The tablet as media center remote flies in the face of that. Humanity has now spent 50+ years developing the remote control for home use. Some of the early ones were fairly large rectangular objects with lots of buttons (think the old Jerrold wired cable controllers), some were pistol-shaped (Zenith Flash-Matic)… but as the tech shrunk in size, the devices began to adopt a quite standardized shape. Human ergonomics and logic have done that. A device with buttons that fits in a single human hand became the standard NOT because manufacturers demanded it, but because humans demanded it! And as different as we may want to believe we are from each other, our ergonomics and logic remain pretty similar.

So I’m not saying oomi will fail. It seems to have a lot going for it. I’m just saying that what seems to be one of its ancillary sales pitches is likely a non-starter… and given the entry cost, might see something like oomi necessarily be a little further in the future than they might like. Voice control of media (which oomi has) is of course a great drawing card, but again you apparently have to drag this tablet round with you. And voice control of an entertainment system running beyond X volume will always have inherent challenges.

So I just don’t see oomi, or any system really, displacing the handheld media system remote control. They might supplement it, but vanquishing it is not in the near future.

It’s not about displacing. It’s about adding choices. And choices good. For example, the Aeon minimote will still work with Oomi, so if you want a button
controller, you have one. ( i’m not evaluating in the process one where another, I’m just saying that adding a tablet option doesn’t remove the handheld remote choice.)

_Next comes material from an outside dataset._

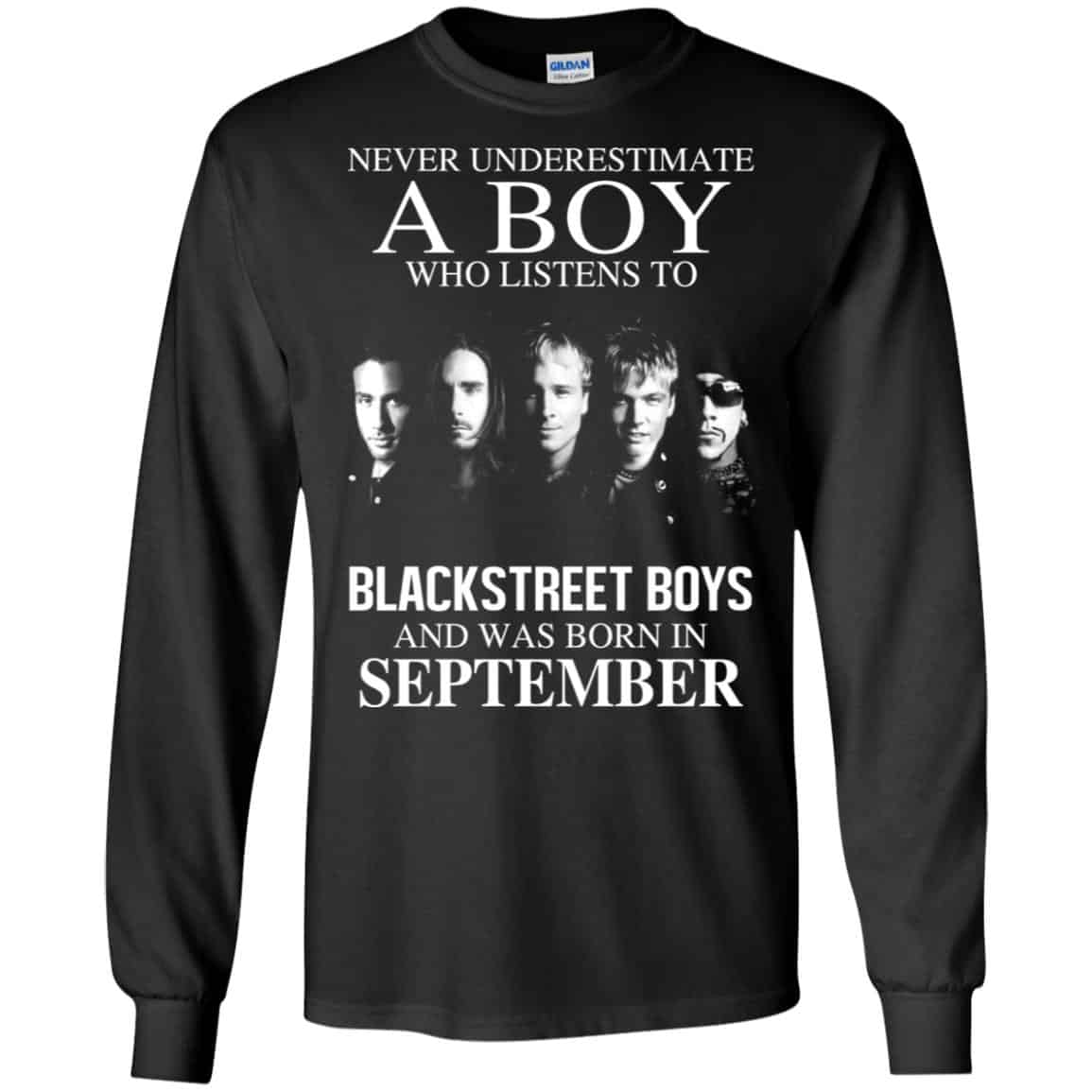 A Boy Who Listens To Backstreet Boys And Was Born In September T-Shirts, Hoodie, Tank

SmartTiles is probably the most popular third-party app for SmartThings, and it’s a tablet dashboard. Because many people want a dashboard. Getting information at a glance, being able to drill deeper, and being able to change color on RGBW bulbs are all things that button controllers just don’t do very well if at all.

If there’s one thing that the success of the Amazon echo and the Flic has taught us, is that people like to have multiple control and information options even for very low cost Home Automation systems. Both came on the market around the same time. Both appear to have competing purposes – – voice control and a simple button press. Both filled a gap that low-cost home automation systems had missed: a user desire to control a group of smart devices on demand. And instead of competing with each other, many consumers ended up buying both devices. Choice is good. :sunglasses:


I agree with you JD. I’m working with a wall-mount control tablet myself, along with Echo Dot etc!
I’m merely addressing the oomi video that claims they wish to have their tablet controller eliminate the handheld remote control from your living room table… I don’t see it happening.


BTW: Just noticed the horrible review that OOmi Home has received.

And probably deservedly. What joke this “industry” is (well… some of the players, not all!).

Avoid the overpriced and overly complex Oomi smart-home hub. Stick with Samsung SmartThings or the Wink Hub 2, which are less expensive, easier to use and more versatile.